**TRY IT**: Which lines run from the one with "46. Evaluate the" through the end of the data? Retype them exactly, without pictures.

▬▬▬▬▬▬▬▬▬▬

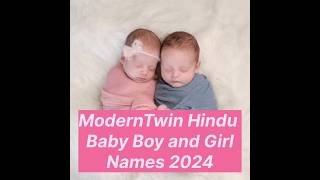 Modern Twin Hindu Baby Boy And Girl Names 2024 Twin Baby Names Twin Names With Same Meaning baby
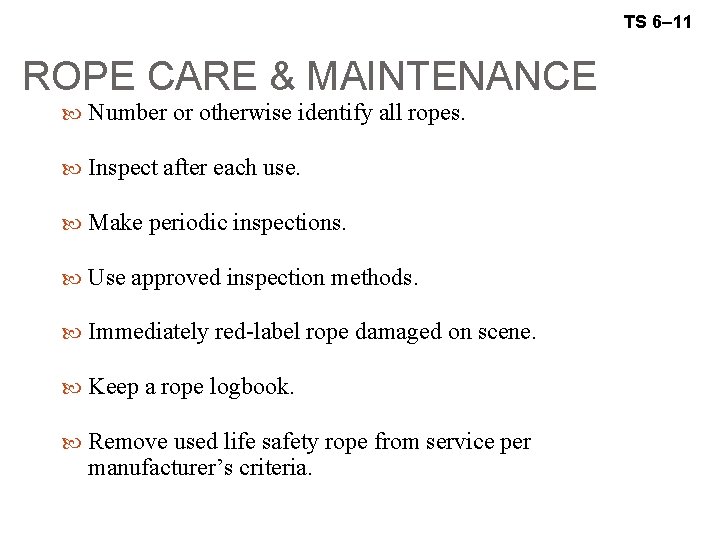 TS 6– 11 ROPE CARE & MAINTENANCE Number or otherwise identify all ropes. Inspect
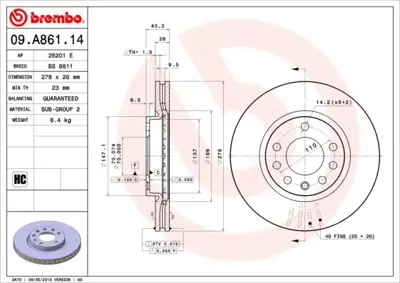 BREMBO 09.A861.14 Fren Dıskı On Standard Opel 5569026 BDC5570 986479262 BG4149 800877 O1033V 24012601461 V382 BD1055 9A86114
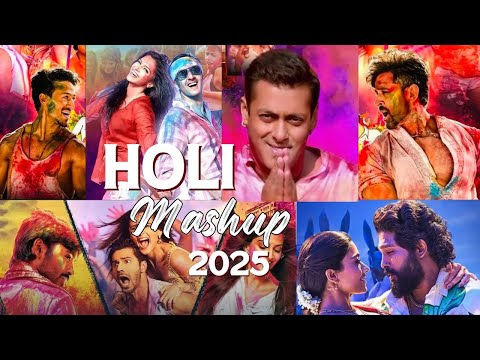 Holi Songs 2025 | Holi Mashup Song | Nonstop | Jukebox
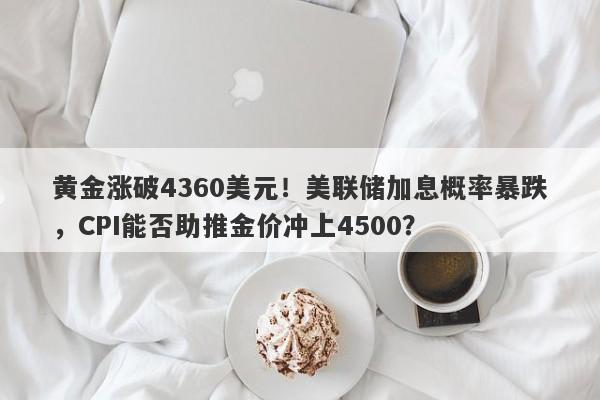 黄金涨破4360美元！美联储加息概率暴跌，CPI能否助推金价冲上4500？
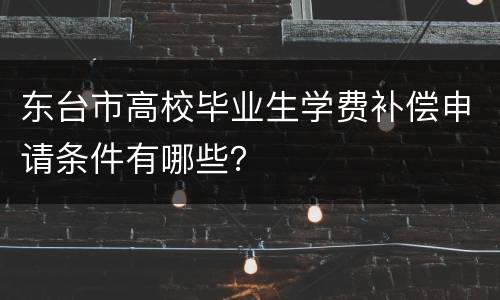 东台市高校毕业生学费补偿申请条件有哪些？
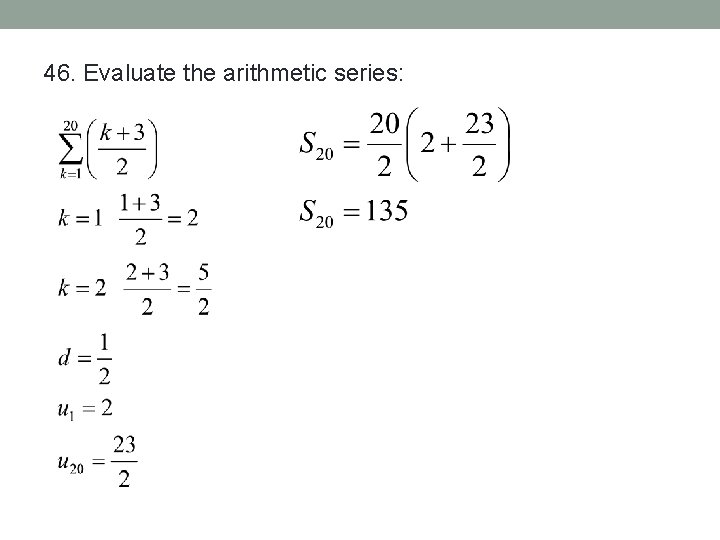 46. Evaluate the arithmetic series: 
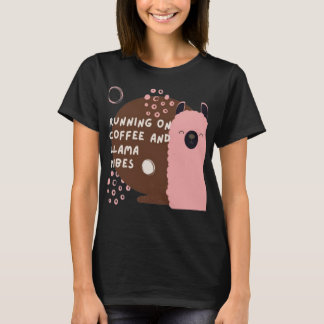 Running on Coffee and Llama Vibes T-Shirt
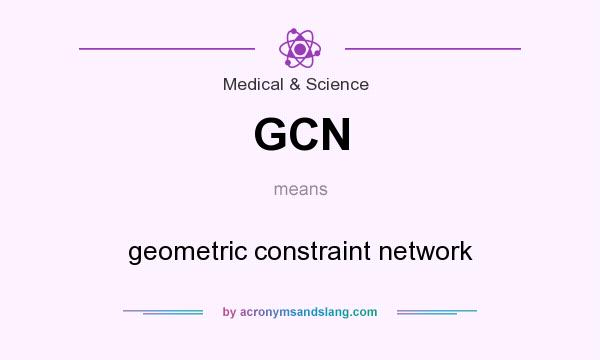 What does GCN mean? It stands for geometric constraint network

▬▬▬▬▬▬▬▬▬▬

**RESPONSE TO THE EXERCISE**:
 46. Evaluate the arithmetic series: 
 Running on Coffee and Llama Vibes T-Shirt
 What does GCN mean? It stands for geometric constraint network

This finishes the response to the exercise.